[VA] SRC#001 - Spiky Integral

[Albert Chan]

(07-18-2018 03:07 AM)Gerson W. Barbosa Wrote:  would you please check how many significant digits I get right for N=20000?

3.06979593309e-6

Let F= cos(x) cos(2x) cos(3x) ... cos(N x)
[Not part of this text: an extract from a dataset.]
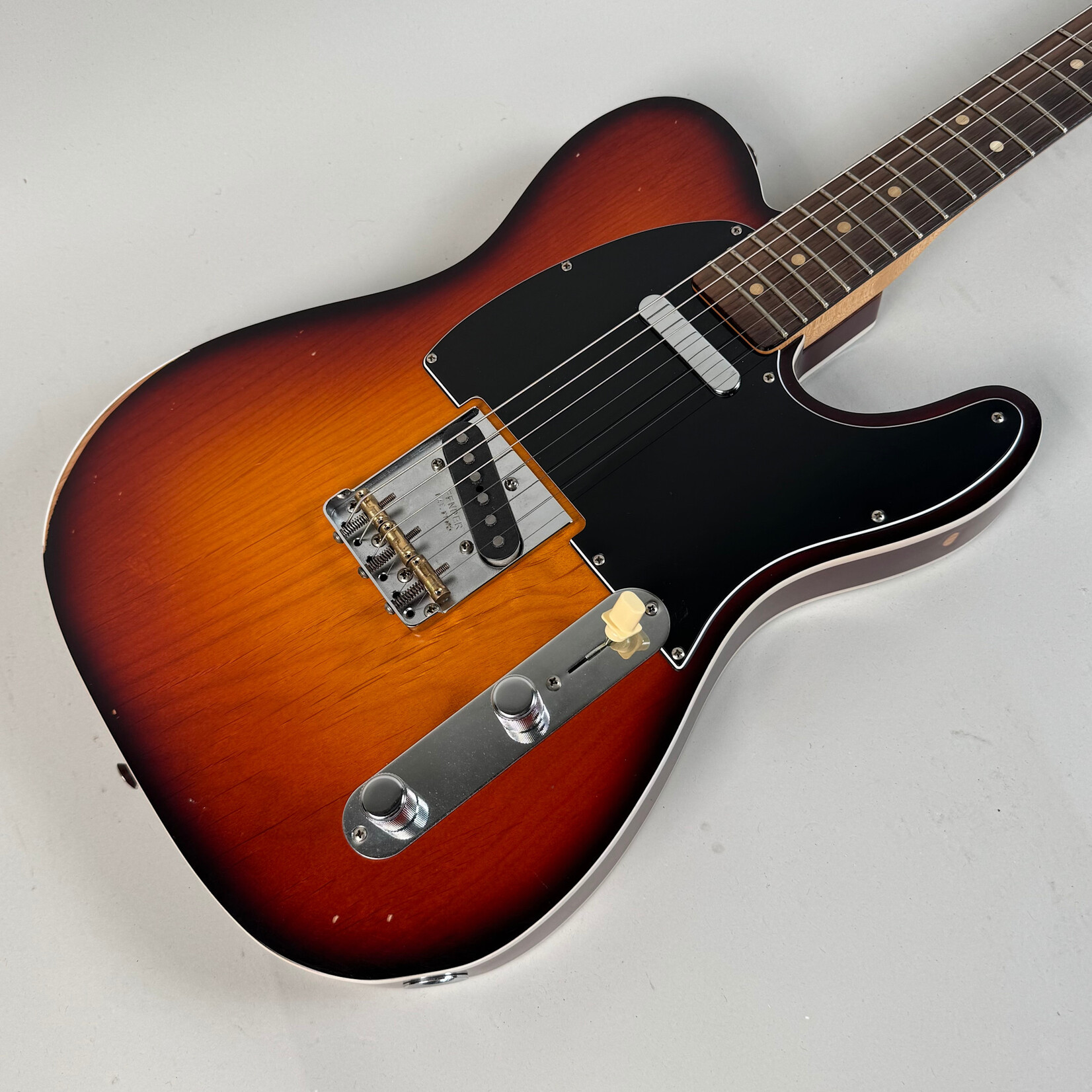 Fender 2022 Fender Jason Isbell Custom Telecaster Sunburst [MRC Stamped Used]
Since N mod 4 = 20000 mod 4 = 0, I(N) = \(\int_{0}^{2 \pi} F dx \) = 4 \(\int_{0}^{\pi/2} F dx \)

For big N, integral is dominated mostly by the area of spike:

I(N) ~ 4 \(\int_{0}^{\pi /(2N)} F dx \)

I did the integral in Python (plain float):

I(20000) ~ 4 * 7.67448983276e-07 = 3.0697959331e-06

Both values agreed each other, to 11 digits.

Comment:
it is not necessary to sum the full spike area.
For x = Pi / (20N) (one tenth of spike base), F = 1.547e-36, which contribution little to the sum.
With this tighter base, I(20000) still converge to the same value, but only take 16 sec (instead of 145 sec)

BTW, my computer is 20+ years old Dell P3, modern computer may only take few seconds.